### Recorded data
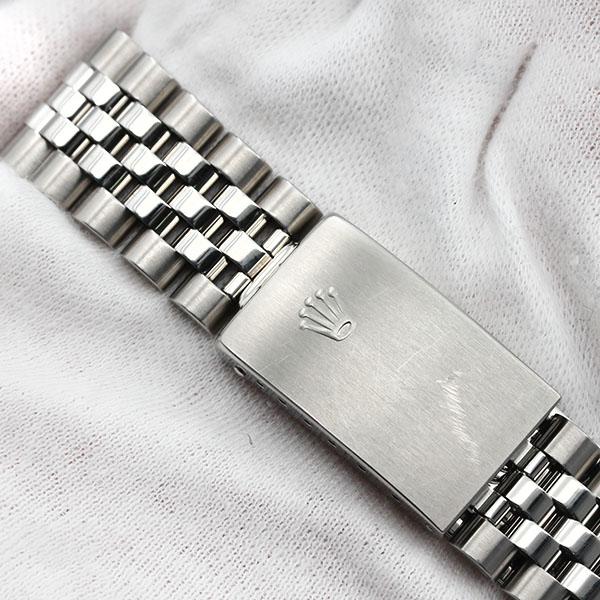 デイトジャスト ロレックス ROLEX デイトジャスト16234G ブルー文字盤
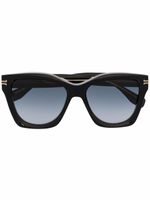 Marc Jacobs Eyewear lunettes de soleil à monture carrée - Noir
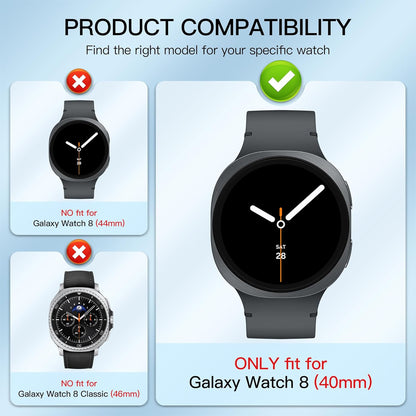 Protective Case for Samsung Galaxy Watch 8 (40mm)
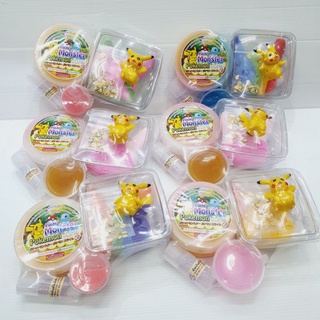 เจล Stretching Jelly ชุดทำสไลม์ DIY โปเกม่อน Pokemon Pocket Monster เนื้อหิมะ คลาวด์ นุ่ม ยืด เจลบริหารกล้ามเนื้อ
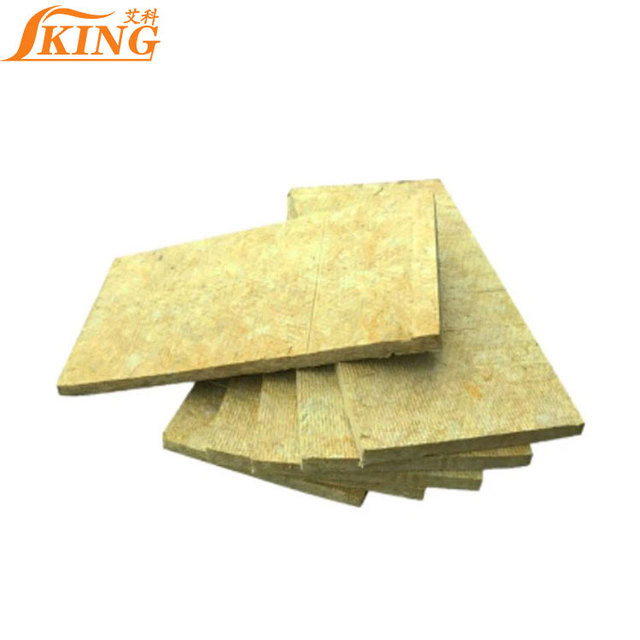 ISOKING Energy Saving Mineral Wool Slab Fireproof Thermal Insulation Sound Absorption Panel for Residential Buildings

==

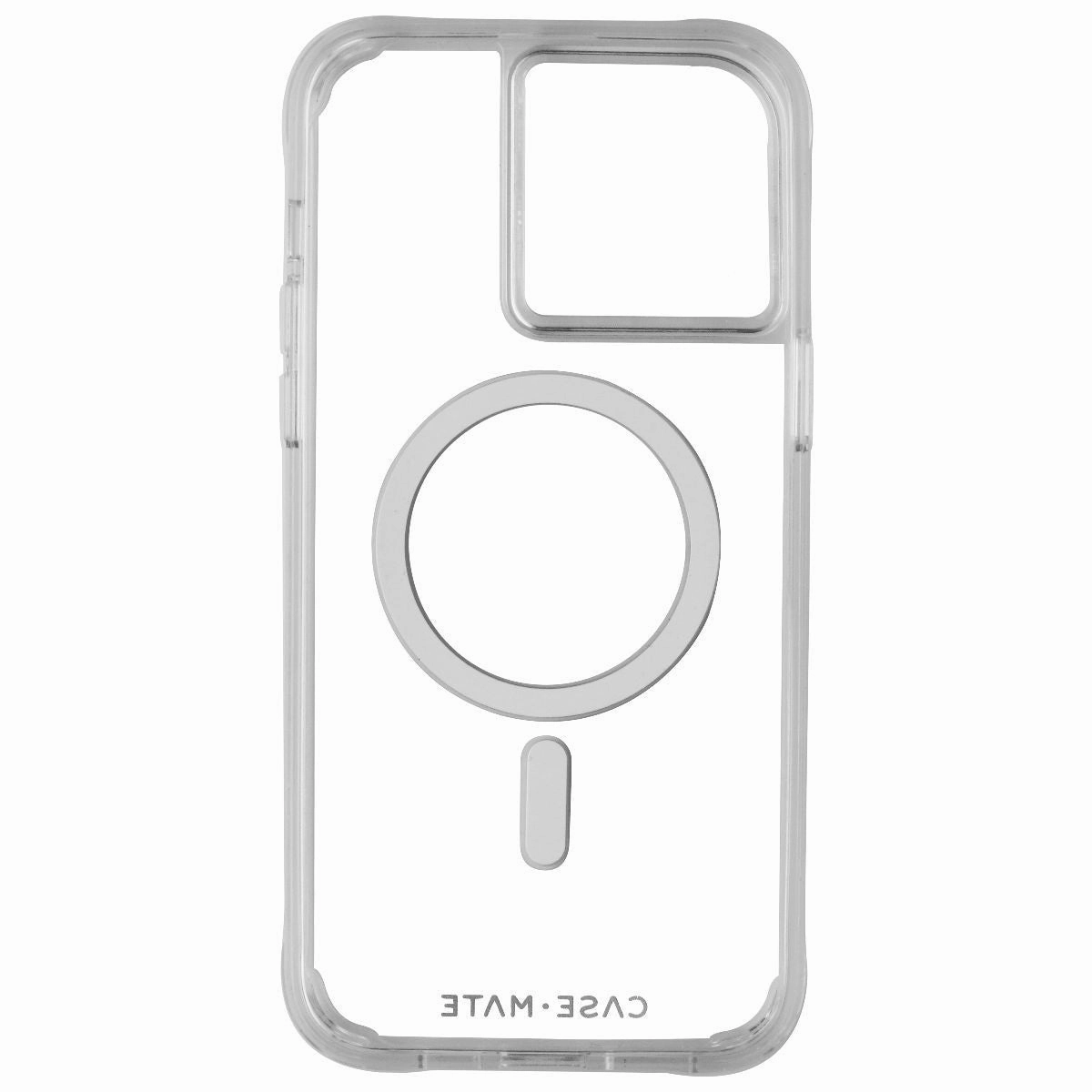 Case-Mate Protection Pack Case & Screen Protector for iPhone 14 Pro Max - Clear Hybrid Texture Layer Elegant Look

==

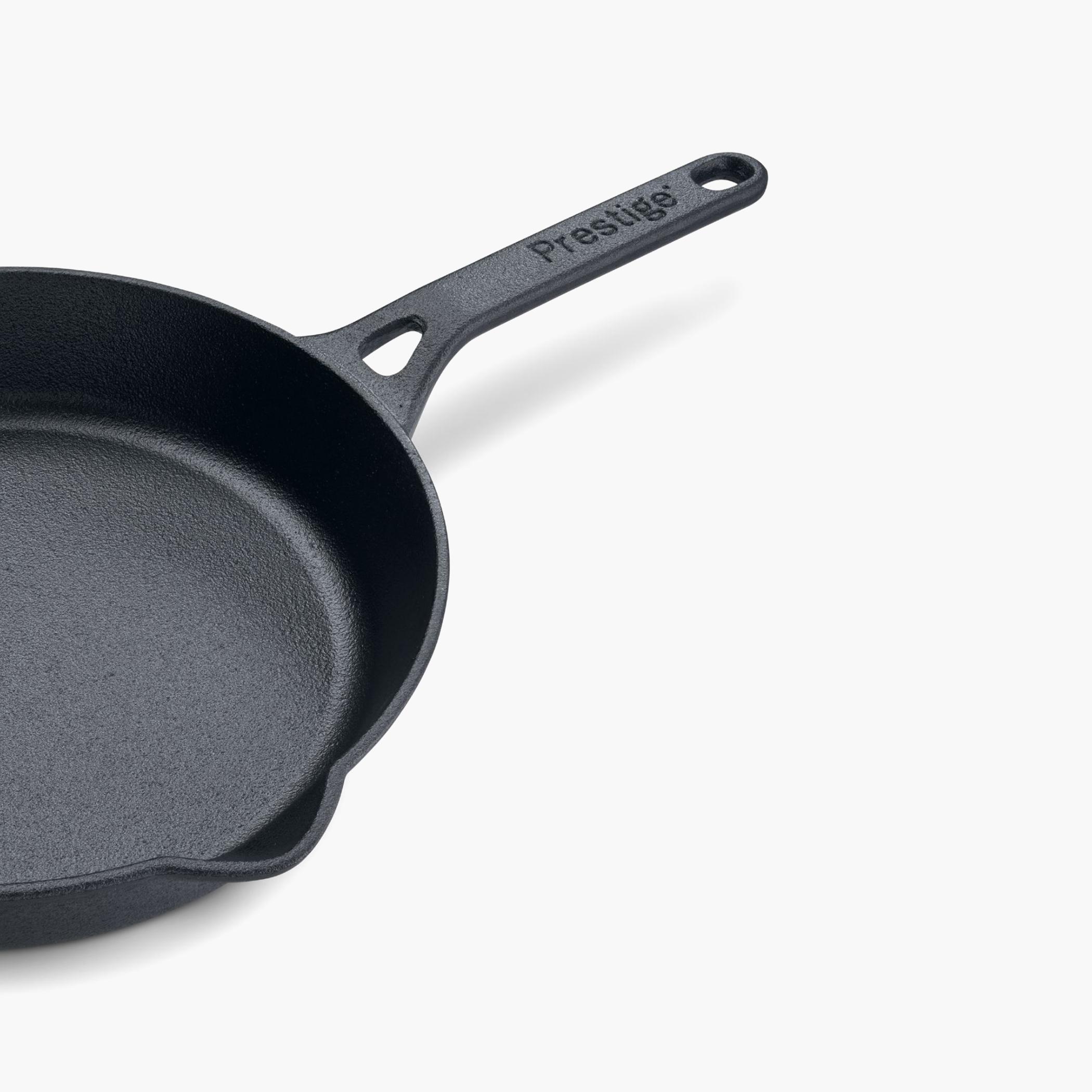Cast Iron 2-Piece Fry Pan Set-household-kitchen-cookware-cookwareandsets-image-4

### Problem to solve
Starting with the line that has "เจล Stretching Jelly" and ending with the line that has "ISOKING Energy Saving", repeat the lines above exactly, omitting every picture.

### Answer to the problem
 เจล Stretching Jelly ชุดทำสไลม์ DIY โปเกม่อน Pokemon Pocket Monster เนื้อหิมะ คลาวด์ นุ่ม ยืด เจลบริหารกล้ามเนื้อ
 ISOKING Energy Saving Mineral Wool Slab Fireproof Thermal Insulation Sound Absorption Panel for Residential Buildings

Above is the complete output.